Four Tet Sues Domino Records Over Streaming Royalties

Four Tet Sues Domino Records Over Streaming Royalties

Starting in 2001, Kieran Hebden, the British electronic producer who records as Four Tet, released four studio albums on Domino Records. Now, Music Week reports that Hebden has made a claim for damages against Domino over the royalty rate for the streams and downloads of many of the records that he released on Domino. Hebden and Domino haven’t been able to reach a settlement, so the case is set to go before a judge at the Business And Property Courts of the UK’s High Court Of Justice.

Four Tet signed to Domino in 2001, before the era of iTunes and Spotify, and he believes that the royalty rate for streams and downloads should be different from the rate for physical record sales. Domino has been calculating Hebden’s royalties for streams and downloads at an 18% rate, the same rate that used to apply for physical sales. Hebden and his lawyers claim that Hebden is entitled to a 50% royalty on streams and downloads, which Four Tet and his lawyers call a “reasonable” rate. Per Music Week, Hebden is “seeking damages of up to £70,000 plus costs,” and he’s also asking for a judgment on that royalty rate.

Four Tet’s legal argument covers the period where he released his first three Domino albums: 2001’s Pause, 2003’s Rounds, and 2005’s Everything Ecstatic, as well as the live album, EPs, and singles that he released under that contract. (Four Tet’s 2010 album There Is Love In You, released on Domino, wasn’t part of that contract.)
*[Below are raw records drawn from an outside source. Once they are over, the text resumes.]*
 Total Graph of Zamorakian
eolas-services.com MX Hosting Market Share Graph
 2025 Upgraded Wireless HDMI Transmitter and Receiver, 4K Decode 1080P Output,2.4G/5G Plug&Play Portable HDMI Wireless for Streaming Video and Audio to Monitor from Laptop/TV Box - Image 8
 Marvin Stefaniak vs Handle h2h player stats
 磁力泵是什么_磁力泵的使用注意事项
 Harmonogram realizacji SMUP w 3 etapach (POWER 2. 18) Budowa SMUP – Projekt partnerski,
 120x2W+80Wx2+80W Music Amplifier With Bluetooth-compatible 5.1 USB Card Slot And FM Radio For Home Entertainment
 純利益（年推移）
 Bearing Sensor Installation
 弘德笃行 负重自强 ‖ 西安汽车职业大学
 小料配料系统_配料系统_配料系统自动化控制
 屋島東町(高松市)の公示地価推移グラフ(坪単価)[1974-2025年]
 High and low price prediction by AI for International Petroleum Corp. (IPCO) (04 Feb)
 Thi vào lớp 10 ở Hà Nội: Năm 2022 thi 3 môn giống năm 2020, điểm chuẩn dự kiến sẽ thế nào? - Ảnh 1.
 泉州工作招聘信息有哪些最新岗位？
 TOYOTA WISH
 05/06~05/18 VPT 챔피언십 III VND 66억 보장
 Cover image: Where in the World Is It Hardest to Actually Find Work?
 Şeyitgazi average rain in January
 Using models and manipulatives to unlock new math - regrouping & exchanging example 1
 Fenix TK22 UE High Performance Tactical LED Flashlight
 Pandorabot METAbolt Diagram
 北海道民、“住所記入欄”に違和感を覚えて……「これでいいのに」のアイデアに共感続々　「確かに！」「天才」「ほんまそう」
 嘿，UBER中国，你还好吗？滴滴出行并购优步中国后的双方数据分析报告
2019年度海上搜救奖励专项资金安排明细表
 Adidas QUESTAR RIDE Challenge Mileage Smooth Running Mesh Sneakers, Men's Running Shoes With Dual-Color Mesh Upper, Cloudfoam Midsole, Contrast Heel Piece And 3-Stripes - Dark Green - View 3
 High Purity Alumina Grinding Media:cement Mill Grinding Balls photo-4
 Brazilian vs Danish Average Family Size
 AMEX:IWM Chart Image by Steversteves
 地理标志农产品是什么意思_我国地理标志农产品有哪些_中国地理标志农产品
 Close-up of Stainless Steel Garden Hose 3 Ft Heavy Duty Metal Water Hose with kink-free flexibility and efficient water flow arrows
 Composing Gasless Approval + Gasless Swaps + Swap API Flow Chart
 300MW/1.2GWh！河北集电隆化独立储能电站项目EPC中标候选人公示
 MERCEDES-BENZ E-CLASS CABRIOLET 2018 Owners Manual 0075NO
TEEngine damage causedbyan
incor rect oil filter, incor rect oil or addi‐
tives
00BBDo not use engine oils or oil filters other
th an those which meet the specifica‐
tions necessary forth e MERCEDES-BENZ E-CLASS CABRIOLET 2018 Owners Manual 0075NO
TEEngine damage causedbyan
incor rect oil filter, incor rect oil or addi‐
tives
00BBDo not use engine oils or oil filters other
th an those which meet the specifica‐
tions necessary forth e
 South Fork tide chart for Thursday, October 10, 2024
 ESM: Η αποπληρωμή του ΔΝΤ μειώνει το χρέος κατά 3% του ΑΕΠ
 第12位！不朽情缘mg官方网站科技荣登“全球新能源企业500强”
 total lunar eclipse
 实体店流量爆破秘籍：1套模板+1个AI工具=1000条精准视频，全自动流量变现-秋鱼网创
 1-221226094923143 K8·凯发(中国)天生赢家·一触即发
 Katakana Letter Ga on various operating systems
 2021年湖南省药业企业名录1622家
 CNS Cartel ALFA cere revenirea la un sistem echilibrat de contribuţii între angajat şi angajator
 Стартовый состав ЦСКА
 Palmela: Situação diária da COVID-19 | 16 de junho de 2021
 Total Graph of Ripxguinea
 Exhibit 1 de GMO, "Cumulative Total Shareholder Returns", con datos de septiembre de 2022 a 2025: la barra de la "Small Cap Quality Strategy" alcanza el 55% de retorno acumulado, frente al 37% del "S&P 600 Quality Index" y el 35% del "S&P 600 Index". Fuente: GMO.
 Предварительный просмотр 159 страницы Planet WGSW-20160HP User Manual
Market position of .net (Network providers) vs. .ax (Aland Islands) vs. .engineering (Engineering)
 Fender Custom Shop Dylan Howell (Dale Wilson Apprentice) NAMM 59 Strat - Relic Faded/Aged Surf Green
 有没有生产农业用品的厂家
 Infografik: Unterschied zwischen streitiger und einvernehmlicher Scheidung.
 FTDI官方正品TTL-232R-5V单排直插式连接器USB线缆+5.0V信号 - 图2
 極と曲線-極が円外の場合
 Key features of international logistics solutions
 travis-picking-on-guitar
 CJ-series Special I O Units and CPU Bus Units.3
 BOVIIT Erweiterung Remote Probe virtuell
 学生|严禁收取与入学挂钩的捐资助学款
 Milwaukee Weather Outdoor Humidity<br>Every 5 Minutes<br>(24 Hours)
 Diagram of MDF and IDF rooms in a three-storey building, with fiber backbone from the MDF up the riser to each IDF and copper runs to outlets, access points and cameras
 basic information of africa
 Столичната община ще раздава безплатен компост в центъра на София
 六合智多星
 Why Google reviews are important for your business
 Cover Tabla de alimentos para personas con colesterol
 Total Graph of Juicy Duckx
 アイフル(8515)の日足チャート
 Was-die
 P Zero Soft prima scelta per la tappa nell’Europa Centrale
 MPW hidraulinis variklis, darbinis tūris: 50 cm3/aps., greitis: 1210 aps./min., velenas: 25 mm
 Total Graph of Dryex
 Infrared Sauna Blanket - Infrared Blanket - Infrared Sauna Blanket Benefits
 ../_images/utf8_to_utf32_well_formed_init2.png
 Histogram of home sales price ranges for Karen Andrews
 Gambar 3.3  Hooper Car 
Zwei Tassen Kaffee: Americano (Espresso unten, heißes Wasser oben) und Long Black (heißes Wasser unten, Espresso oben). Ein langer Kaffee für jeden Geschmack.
Four Tet’s 2001 contract included this clause:

In respect of the exploitation of the Masters and any videos embodying the Masters and received by us from our licensees outside the UK we shall credit your audio and audio-visual royalty accounts respectively with 50% of all royalties and fees arising from such exploitation.

Since all the major digital retailers and streaming services are based outside the UK, Four Tet and his lawyers believe that streams and downloads fall under that clause. Domino argues otherwise: “Streaming was not, as at the date of the 2001 Agreement, a mainstream method for the lawful distribution of recorded music and was not as at that date within the contemplation of the parties.” Domino’s lawyers also claim that Hebden has been attempting to buy back his masters from Domino and that this lawsuit is simply part of his strategy to pressure the label to sell those masters.

If the judge rules in favor of Hebden or sets a different royalty rate, it could set a far-reaching precedent for how the music business splits up its money in the streaming era. We’ve reached out to Domino for a statement, and we’ll update this post if we hear back.